First a question, if your web application or portal are not performing as you expect it to, what would be the first thing to target ? In most of the cases, the action would be to review and optimize the database queries, looking for memory leaks and ensuring resource cleanup. One thing that normally comes last into mind is the resource configuration parameters and other server configurations. How often do you see a server configuration and resource parameters altered from their default values while setting up a server for production environment? Besides only a few organizations, especially in banking and financial domains, most of the organizations dont pay enough attention to this aspect.
I came across several instances when after a lot of effort of optimizing the application, the real problem came out only in the configuration of the server or the resource like data source etc. I am citing a couple of those instances here without mentioning the project and customer details (not sure if thats allowed here and is surely not ethical).
This one time, what we now call as The 9 PM to Midnight problem, we spent several nights trying all kind of stuff. The issue was that every night from 9 PM till midnight, our applications’ performance degraded a lot. Now, we were having a clustered environment which included 12 clones for the portal and 12 clones for the services backing up the portal and other channels. The performance hit was more apparant on channels other than the portal. We digged into our applications which take most of the load on the services side, as we thought they could have been the culprits if they were not managing their resources well. After complete profiling, optimizing and minimal logging, 3 applications were launched into production the very next night but no resolution. What bothered us most was why does the problem happen dot at 9. The next step was to rollback all the changes rolled out 2 weeks preceding the problem – still no go. We made it a point to sit in office at 9 PM, and observe every single thing around the enviroment, which could affect the performance. We even observed the http connections open on the servers, which amazing shot up big time right after 9 – from 120 to 2300 per node (each of our nodes contains 3 clones each). We thought lets look into http logs to see what are the kind of requests we are getting and it turned out that there were a whole lot of http connect requests (not GET or POST as expected). We suspected this might be hacker attempt to crash our server or something (we were stupid enuff to think that our website was that popular and hack favorite). Anyways, turns out that wasnt the case. After spending a few more nights, we troubleshooted a lot of other aspect and came across the real picture. We had 20 database servers and 20 replicas. All the retreival was done from replica databases and updates were done in production db. Now, the replicas were down from 9 to 12 for synchronization with production databases and we had a failover in place to go to production in case the replica databases were down. The issue was that the data source time out was set to default which was 300 seconds on the services server, therefore, it took 5 mins for the application to NOT get a connection from replica and then, look for a production db connection and hence, the issue.

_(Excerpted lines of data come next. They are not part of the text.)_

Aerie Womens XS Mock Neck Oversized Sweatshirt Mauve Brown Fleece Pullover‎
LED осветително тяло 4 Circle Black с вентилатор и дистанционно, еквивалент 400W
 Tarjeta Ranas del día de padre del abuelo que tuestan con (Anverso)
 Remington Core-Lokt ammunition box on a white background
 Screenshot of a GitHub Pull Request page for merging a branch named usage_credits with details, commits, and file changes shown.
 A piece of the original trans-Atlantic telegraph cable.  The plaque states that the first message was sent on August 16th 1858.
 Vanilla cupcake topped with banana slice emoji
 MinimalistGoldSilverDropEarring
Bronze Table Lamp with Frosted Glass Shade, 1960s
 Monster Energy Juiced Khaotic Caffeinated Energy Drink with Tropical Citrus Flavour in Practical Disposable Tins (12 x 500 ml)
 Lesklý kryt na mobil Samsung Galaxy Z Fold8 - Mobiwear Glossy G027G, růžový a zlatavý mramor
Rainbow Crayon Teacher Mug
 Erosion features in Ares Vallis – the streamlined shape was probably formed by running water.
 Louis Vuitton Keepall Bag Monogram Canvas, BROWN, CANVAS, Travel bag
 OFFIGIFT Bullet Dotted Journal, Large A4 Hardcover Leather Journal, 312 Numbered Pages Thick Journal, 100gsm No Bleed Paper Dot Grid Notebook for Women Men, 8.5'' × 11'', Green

Now what bothered us a lot was the HTTP connection count during this period rising drastically when never showed up after the timeout was fixed. That was because the HTTP server had a retrial mechanism which would resend the request to another clone in case it didnt receive the response within a timeout period which in this case was only 15 seconds. Interesting, isnt it. Thats how to HTTP connections rose exponentially. Also, in the HTTP server configuration file httpd.conf, there is a property called KeepAlive which was set to On which means that after sending a response to a request, the http connection for that client would be kept open for another timeout period to save overhead time to serve another request from the same client. This property is extremely important in case of a web server where the same browser would ask for another page soon enough, however, in case of a services server, this property would only contribute to the number of utilized connections and reaching the max no. of the support connections.
Hmmm.. by now I have written so much I dont even remember where I started from (Well actually I started riting this at home around 8 PM and got a call from my PM in the middle to drop down to office to handle an emergency situation which got resolved mins back and I am finishing it right now around 2:30 AM). Back to the point, dont u think it would be a good idea to tune your servers and resources to the project’s requirements right at the time of setting up of the server. I guess that should form an important part of knowing a server – how to configure it for what situation.
Well, enough for this time… Good Nite